(Beginning of Information supplied)
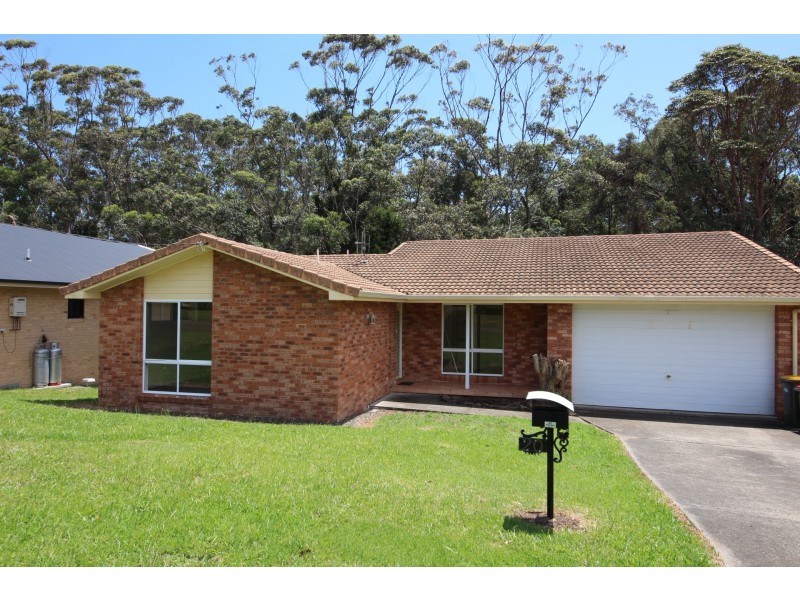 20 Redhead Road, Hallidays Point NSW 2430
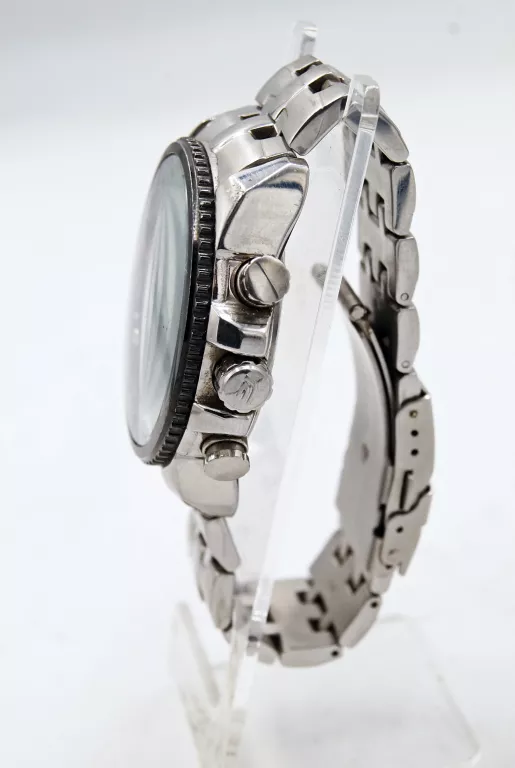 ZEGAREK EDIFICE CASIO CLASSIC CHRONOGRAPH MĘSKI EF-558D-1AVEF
(End of Information supplied)
(Beginning of Information supplied)
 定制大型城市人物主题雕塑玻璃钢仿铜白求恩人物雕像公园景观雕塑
(End of Information supplied)
§ Exercise prompt
Would you set down only the lines above from the line with "20 Redhead Road, Hallidays Point NSW 2430" to the line with "ZEGAREK EDIFICE CASIO", both included, exactly as they stand and without the pictures?

§ Your solution
 20 Redhead Road, Hallidays Point NSW 2430
 ZEGAREK EDIFICE CASIO CLASSIC CHRONOGRAPH MĘSKI EF-558D-1AVEF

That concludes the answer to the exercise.